結論から言うと、【後付けの理由を伝えること】です。
・・・なんのことかわからないですよね。なのでここから、具体的な例も踏まえつつお話しさせていただきます。
このテクニックは、余り頻繁に使うと胡散臭くなっていく可能性もありますので、適度に活用していって下さい。
成長させるテクニック
例えば、後輩に何か指示を出したとします。それを、悩みながらなんとかクリアした場面だったとします。そんなとき、ただ「ありがとう」とか「よくできたね」という、ありきたりな言葉をかけるではあまりテンションは上がりません。
そこで「後付けの理由」が登場します。
もともとは、ただ何となくお願いした仕事だったとしても、悩んだり躓いたりしている場面を見かけたのであれば、この方法は非常に有効に機能します。
例えばこんな言葉をかけてあげるのです。
「○○な考え方をいつもしているから、◇◇ならできると思っていた」という感じです。お判りでしょうか?
この後付けの言葉選定のポイントは3つあります。
①「○○な考え方をいつもしているから」という言葉で、【いつも見ている】という気持ちを持ってもらう事。
②「君ならできる」という言葉で、他の人には無理かもしれないという【特別感】を伝える事。
③「思っていた」という言葉で、当然この指示を出す前から【評価していた】事を伝える事
この3つを合わせることで、いつも頑張っている姿を見てくれている安心感と、しっかりと評価してくれている視線を感じることになります。
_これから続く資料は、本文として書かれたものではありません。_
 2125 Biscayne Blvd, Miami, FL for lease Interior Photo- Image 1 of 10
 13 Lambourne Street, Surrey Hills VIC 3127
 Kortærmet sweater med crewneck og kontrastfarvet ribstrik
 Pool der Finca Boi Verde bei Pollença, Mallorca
「普通は○年目にやらせないんだけど」という言葉を付け加えても良いでしょう。
最初から「お前には期待しているんだぞ」と言ってしまうと、プレッシャーが重くなります。だからこそ指示を出すときには通常通りでOK。もしも期待以上の成果を上げたり、努力の跡が見えた時には「後付け」を活用するのです。
こうやって整理すると、少し難しそうに感じますよね。でも、難しくありません。基本はこのテンプレートをマネしていただければよいと思います。○○と◇◇を変えるだけでも十分伝わります。
ときどき、後付けの理由を加えてやる気を出させる
以前「リーダーの基本、褒めるな」という記事の中でもお話ししましたが、今起きている事象だけで善し悪しを判断するのではなく、その行動に至った理由を見抜いてあげることが重要なのです。
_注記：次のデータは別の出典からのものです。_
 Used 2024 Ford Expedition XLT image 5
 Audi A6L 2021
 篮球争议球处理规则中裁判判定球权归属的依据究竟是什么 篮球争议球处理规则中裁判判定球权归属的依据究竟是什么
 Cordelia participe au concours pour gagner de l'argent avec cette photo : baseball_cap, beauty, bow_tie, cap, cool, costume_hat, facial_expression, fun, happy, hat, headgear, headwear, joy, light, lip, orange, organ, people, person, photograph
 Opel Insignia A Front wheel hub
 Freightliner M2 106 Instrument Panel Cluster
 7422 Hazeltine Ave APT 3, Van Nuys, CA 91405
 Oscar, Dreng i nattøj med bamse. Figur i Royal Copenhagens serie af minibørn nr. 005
だからといって、いつもお前を監視しているんだぞと脅すような管理をしても、人は育ちません。それでは必ず「正解探し」を始めてしまい、言われたこと以外はやらなくなります。
そうではなく、しっかり成長していること、姿勢が間違っていないことなど、基本的な「人格」を信頼する事。これが、自分の頭で考える人間を作るのです。つまり普段のコミュニケーションの中で伝えなければいけない事は、信頼なのです。
そもそも、わざとらしく褒めたとしても後輩は見抜きます。そうなるとむしろやる気をなくしてしまう事にもつながるのです。だからこそ、後付けが効いてくるのです。
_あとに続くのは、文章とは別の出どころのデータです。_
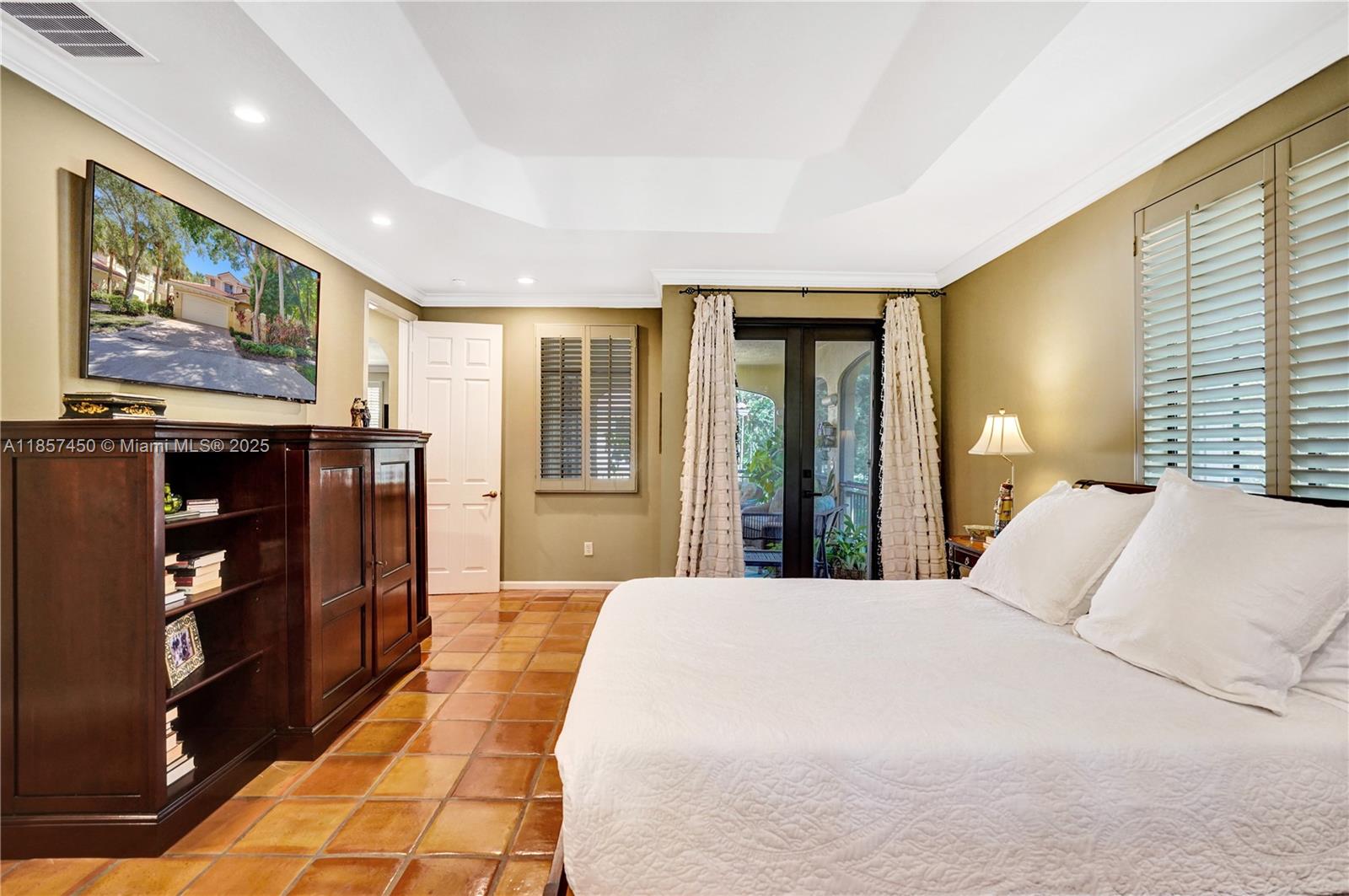 Undisclosed Address Weston, FL 33326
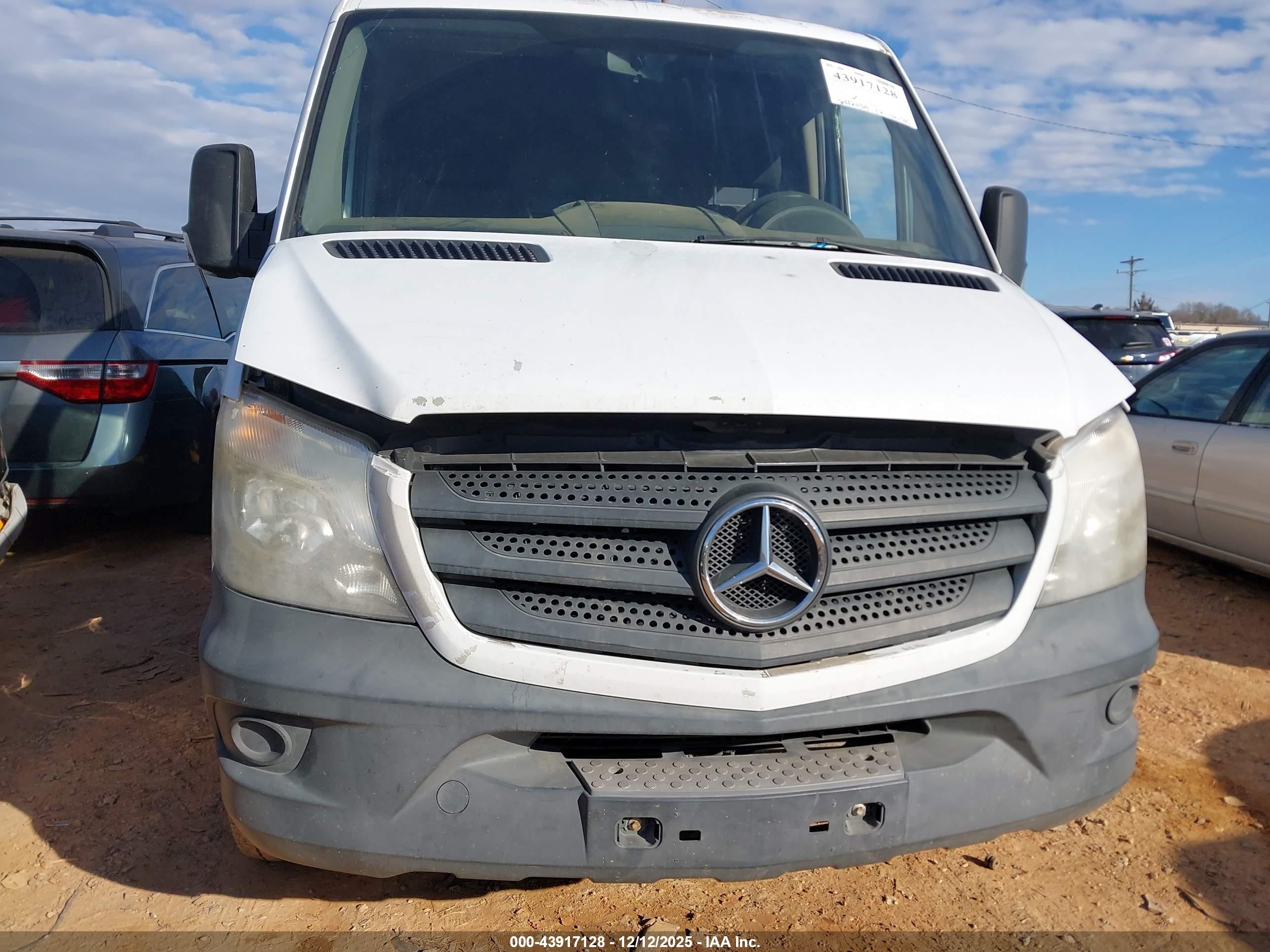 MERCEDES-BENZ SPRINTER image 6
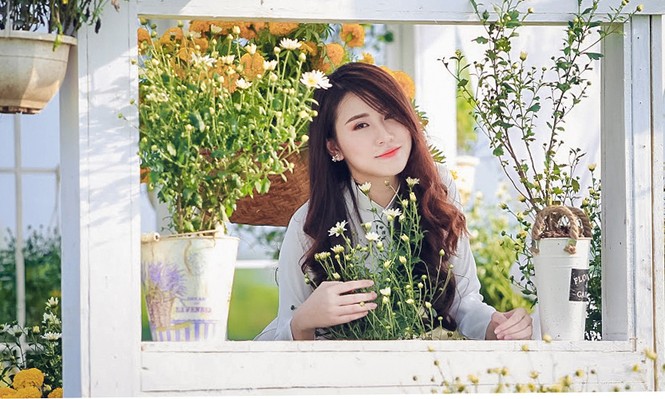 Thiếu nữ Hà thành thả dáng tuyệt đẹp bên cúc hoạ mi - ảnh 4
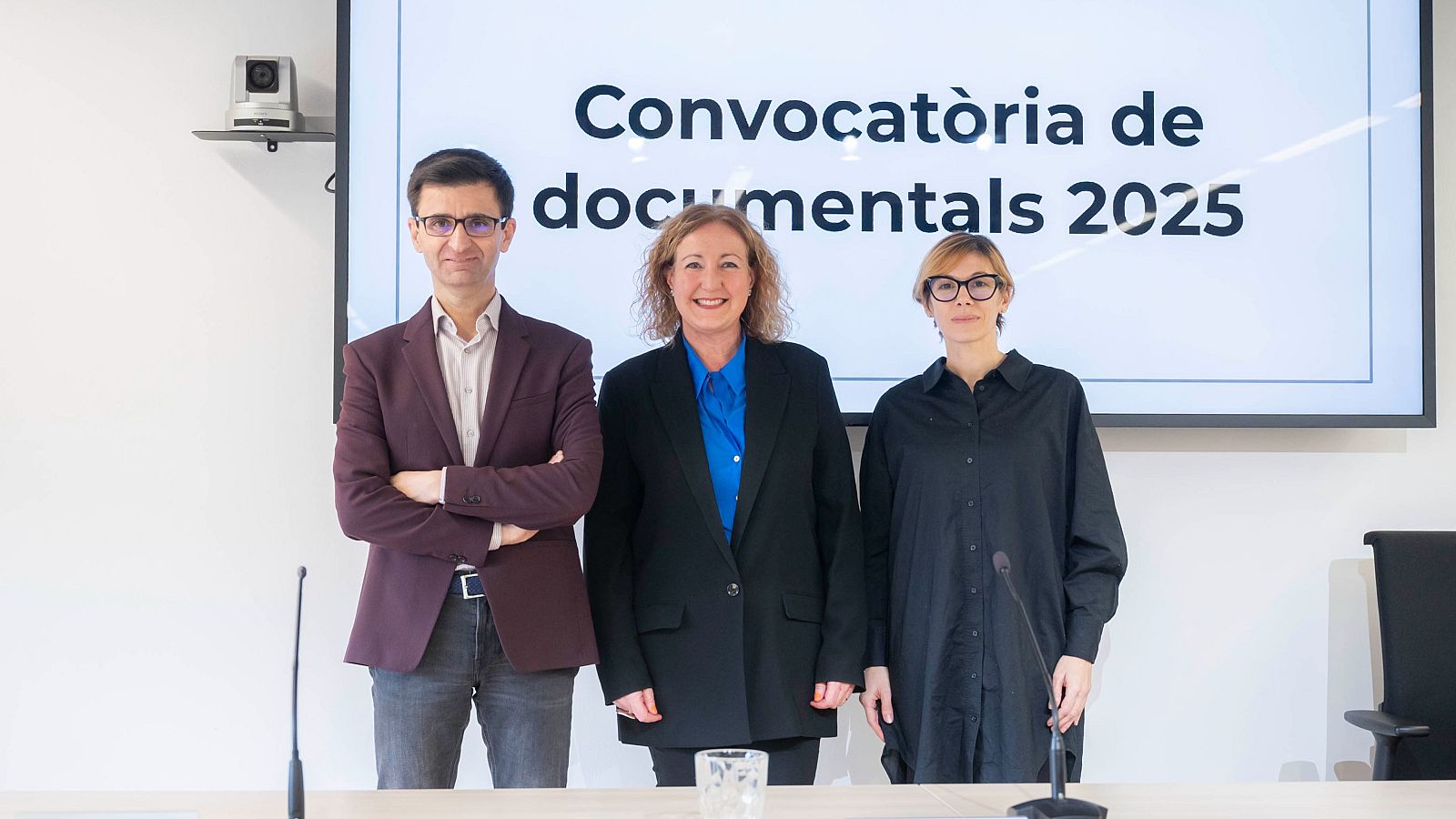 Els presidents de RTVE i 3Cat i la consellera delegada de La Xarxa després de firmar el conveni sobre la convocatoria de documentals en català.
難しく考えないでください。後から、あらかじめ期待していたんだという事を伝え、見事その期待にこたえてくれたことを喜ぶ。仮に最初はそう思っていなくても、それを後から考えて付け加えるのでOKです。
そうすると、後輩側は何か指示を出されるごとに「今回も見てくれている、期待されている」と考えるようになります。
注意が必要なのは、やりすぎると過度なプレッシャーになる事。そして、嘘くさくなってしまう事です。だからこそ、使いすぎない様に気を付けましょう。
いつも通りたくさんの指示を出し、出来る範囲で頑張ってもらう。そして時々「後付け」の理由を加えてやる気を出してもらう。そのサイクルが人間を成長させると考えます。